Sulfate concentrations as an indicator of ambient particulate matter air pollution for health risk evaluations.

Retrospective population studies that have compared regression coefficients for mortality and morbidity for sulfate (SO4(2-), fine particles (PM2.5; aerodynamic diameter < 2.5 microns), thoracic particles (PM10; aerodynamic diameter < 10 microns), and total suspended particulates (TSP; undefined and variable upper cut-size) generally have found SO4(2-) concentrations to be correlated with effects as well as or better than PM2.5. In addition, both SO4(2-) and PM2.5 have yielded somewhat stronger associations with adverse health effects than PM10, and much stronger associations than TSP. Sulfate has advantages over PM2.5 for retrospective epidemiology, at least in the United States, because considerably more data on sulfate have been collected in recent decades, and there is a broader epidemiological database in the literature for comparison to other studies.
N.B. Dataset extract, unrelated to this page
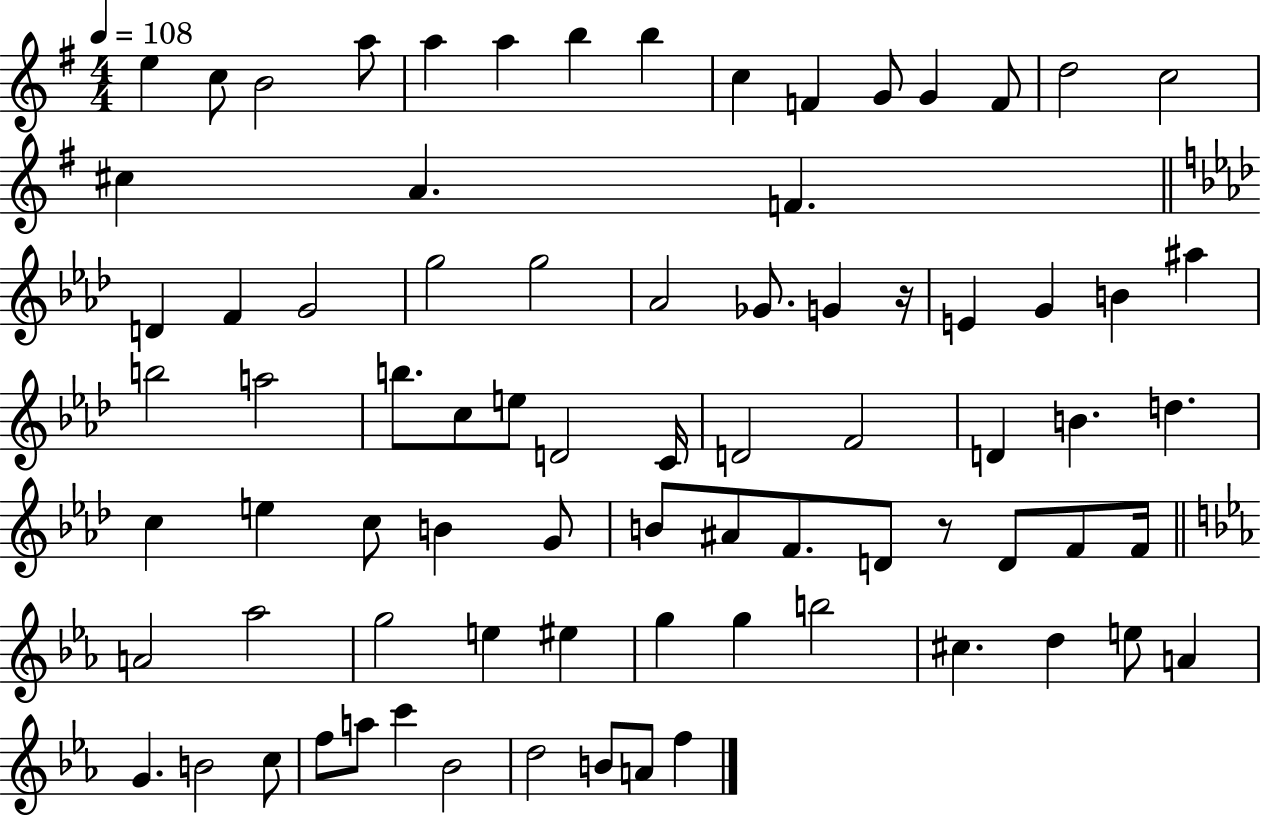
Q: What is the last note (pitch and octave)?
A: F5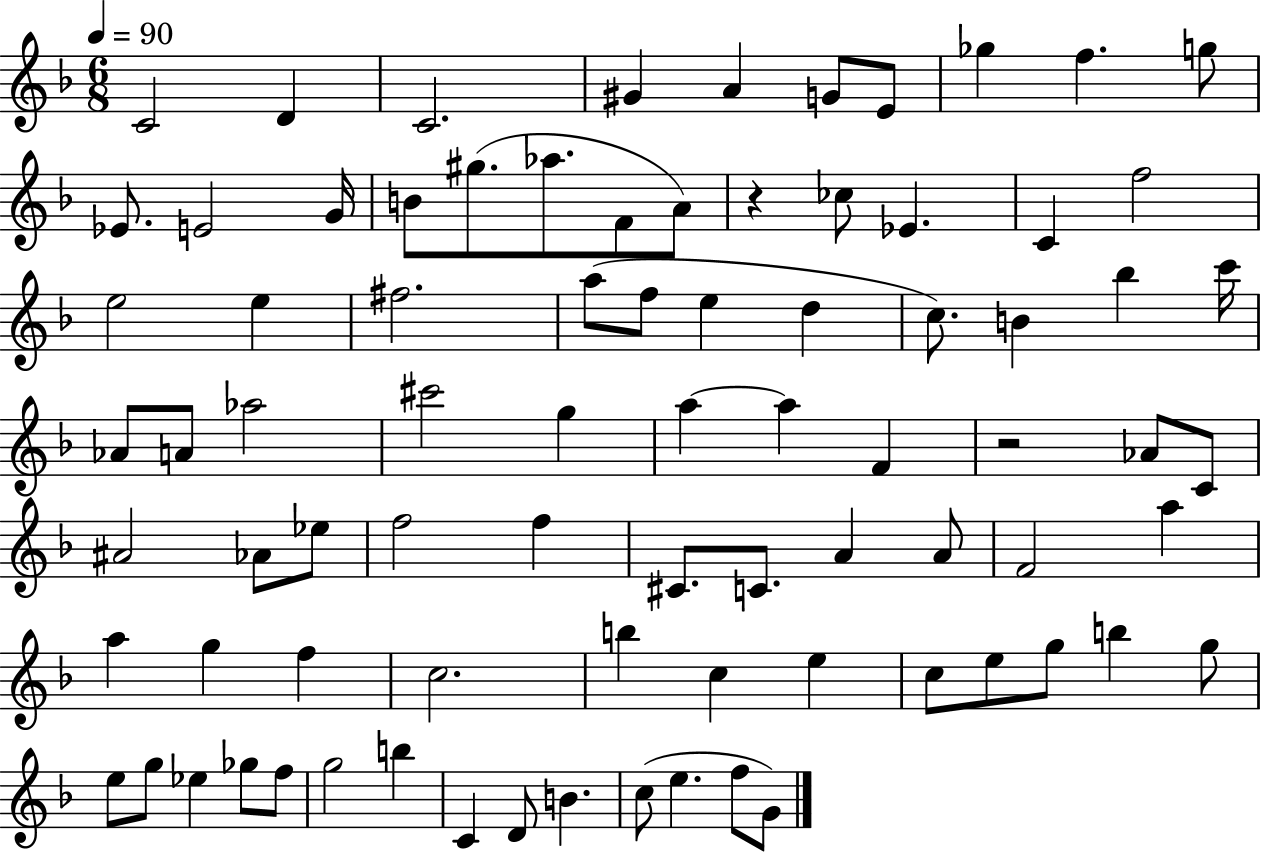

While SO4(2-), per se, is an unlikely causal factor for mortality or morbidity, it often is correlated closely with variations in the strong acid component of ambient particulate matter (H+) and PM2.5 concentrations (especially in summer), which are more likely causal factors. A detailed analysis of the SO4(2-) epidemiological database is presented in this paper. In addition, drawing on our substantial archives of SO4(2-) and H+ data, we show that SO4(2-) and H+ correlate, both spatially and over time, in the eastern United States. We demonstrate the utility of SO4(2-) as a useful surrogate for ambient PM2.5 and H+ in epidemiological studies and as an index of PM exposure in ambient air quality guidelines and standards.